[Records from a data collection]
-*-*-
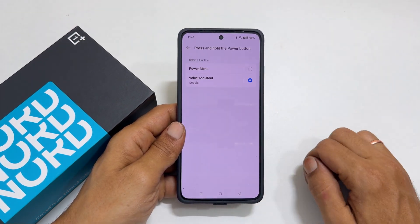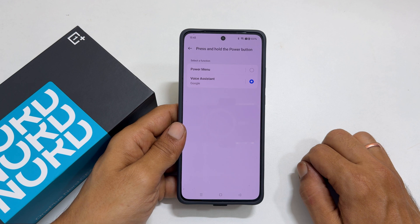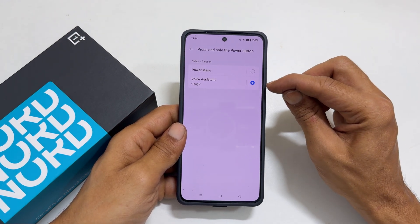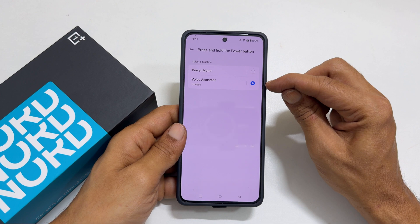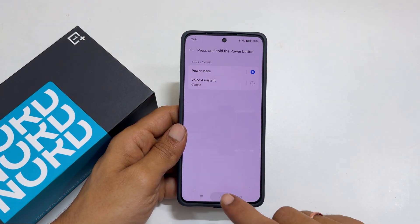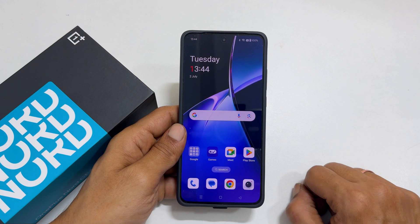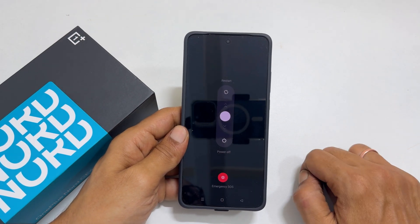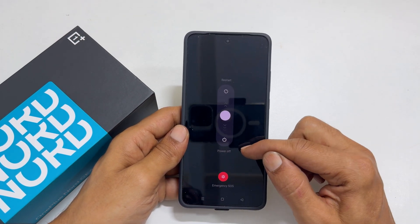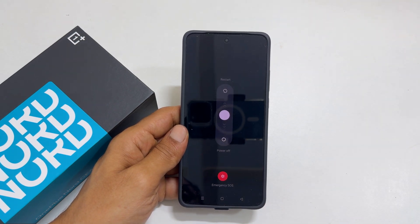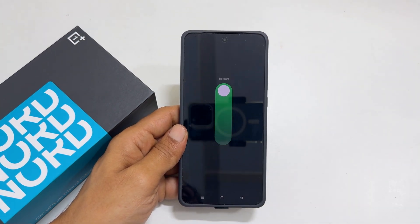On this page, you will get two options: power menu and voice assistant. At present, voice assistant is selected. Please change it to power menu. It will remap the power key so that long pressing the power button will show the option to power off or restart. Choose power off or restart as per your preference.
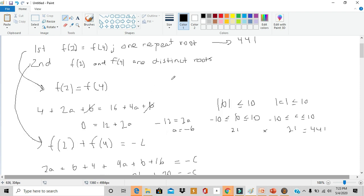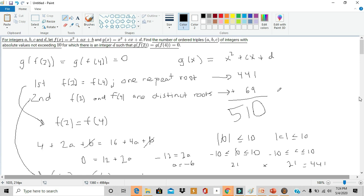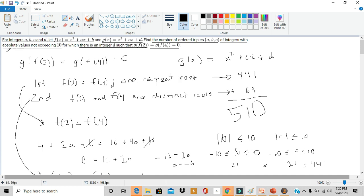Adding the two cases together: 441 + 69 = 510, which is our final answer. This problem was not easy by any means, but it wasn't as hard as it looked. The key insight was organizing the two cases — whether f(2) and f(4) are the same root or distinct roots — after which the algebra followed using middle school techniques and Vieta's formulas.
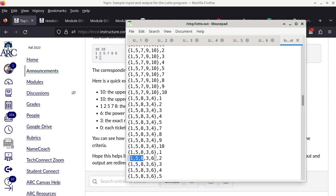There are many ways to approach this program. You have about 12 days to do it — plenty of time. I would suggest using a method that may not be the most elegant but get it working first. If you have time and interest, then go for a more elegant approach.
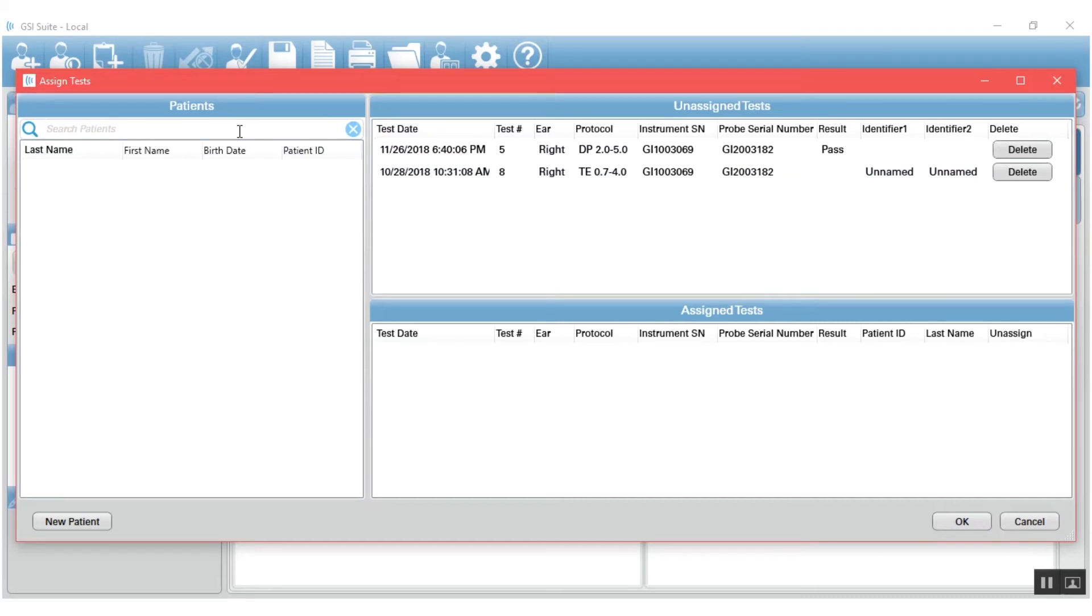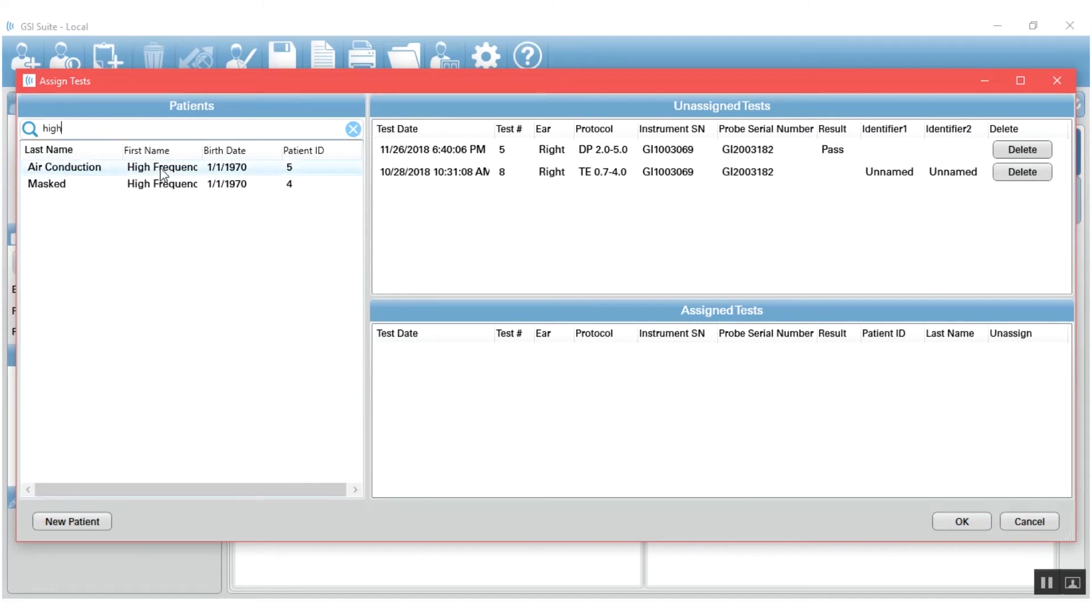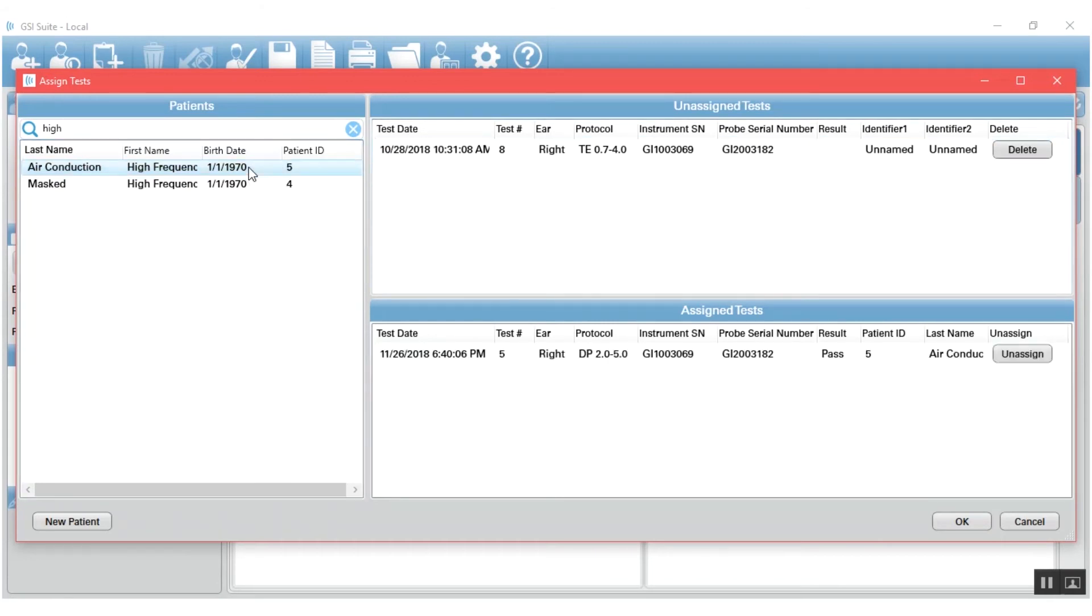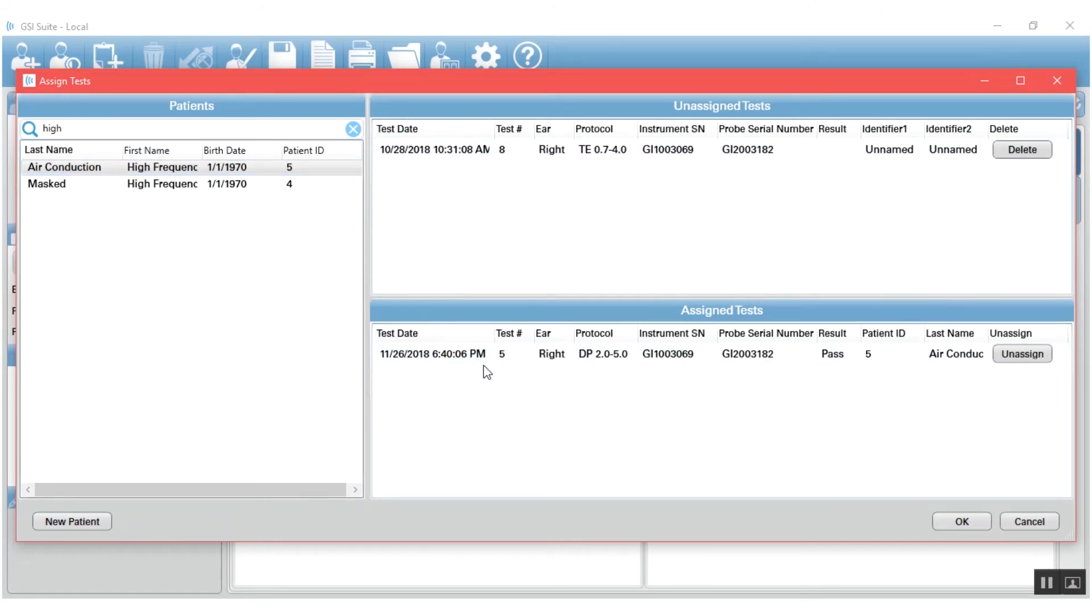When you're ready to transfer the patient, what you'll do is go over to the patient window and you can search for a patient that is already in your database, such as this guy, high frequency air conduction. You can simply click and drag that result to the patient and drop it on, and notice that that result moves down to the assigned test area.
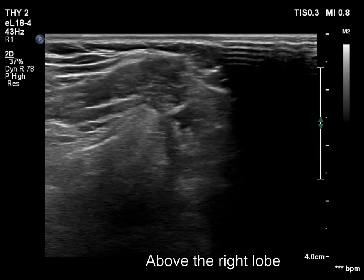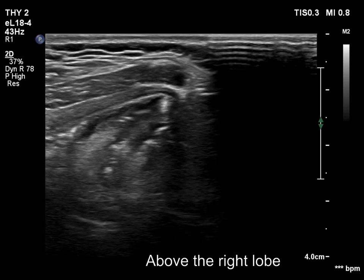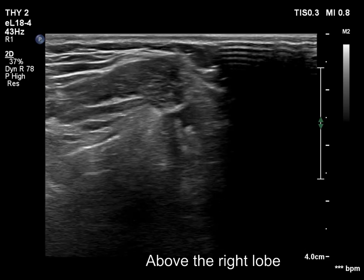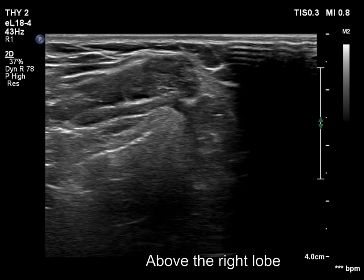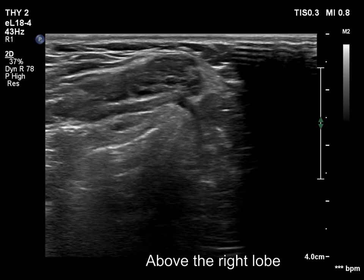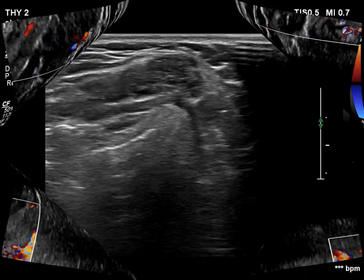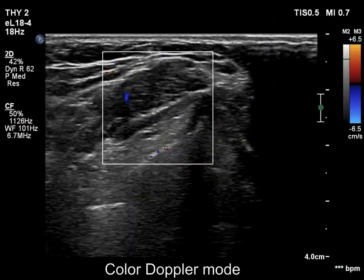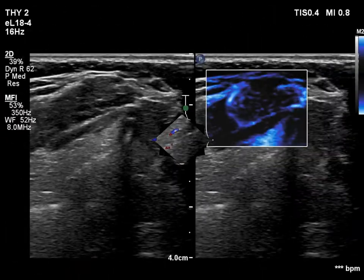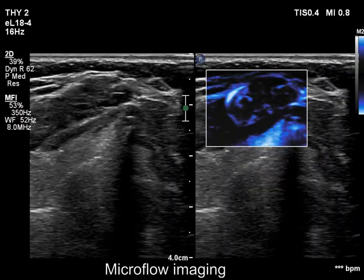Now, again the ectopic tissue is demonstrated. The pattern resembles the thyroid before surgery. The mass has vascularity in several vessels.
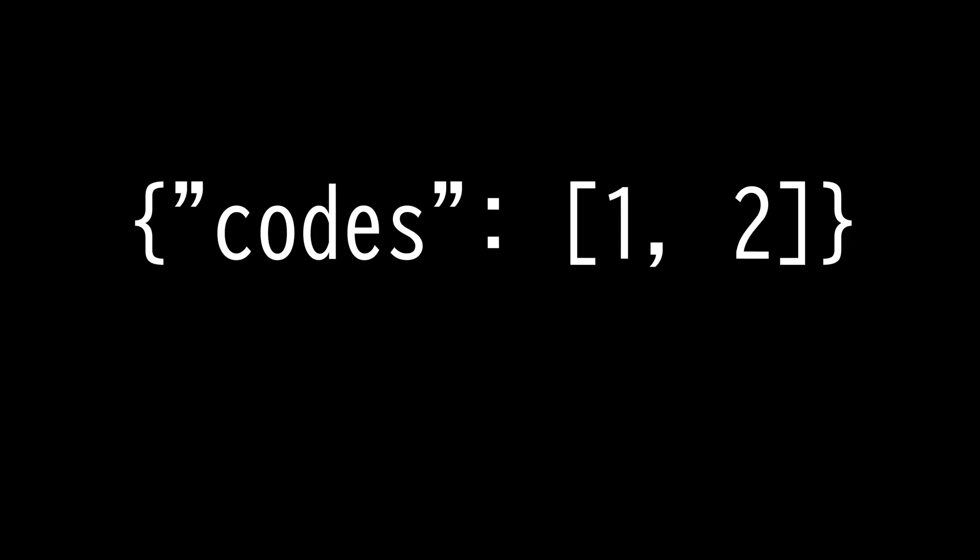Array pretty much means a list, except it is ordered. Lists cannot manage arithmetic operations, but array can. Arrays are enclosed in square brackets. Square bracket means an array of an object or a list, while curly bracket means it would be an object.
-*-*-
In the copy, omit the pictures and give every line of the data exactly.

§ **SOLUTION**:
On this page, you will get two options: power menu and voice assistant. At present, voice assistant is selected. Please change it to power menu. It will remap the power key so that long pressing the power button will show the option to power off or restart. Choose power off or restart as per your preference.
Adding the two cases together: 441 + 69 = 510, which is our final answer. This problem was not easy by any means, but it wasn't as hard as it looked. The key insight was organizing the two cases — whether f(2) and f(4) are the same root or distinct roots — after which the algebra followed using middle school techniques and Vieta's formulas.
There are many ways to approach this program. You have about 12 days to do it — plenty of time. I would suggest using a method that may not be the most elegant but get it working first. If you have time and interest, then go for a more elegant approach.
When you're ready to transfer the patient, what you'll do is go over to the patient window and you can search for a patient that is already in your database, such as this guy, high frequency air conduction. You can simply click and drag that result to the patient and drop it on, and notice that that result moves down to the assigned test area.
Now, again the ectopic tissue is demonstrated. The pattern resembles the thyroid before surgery. The mass has vascularity in several vessels.
Array pretty much means a list, except it is ordered. Lists cannot manage arithmetic operations, but array can. Arrays are enclosed in square brackets. Square bracket means an array of an object or a list, while curly bracket means it would be an object.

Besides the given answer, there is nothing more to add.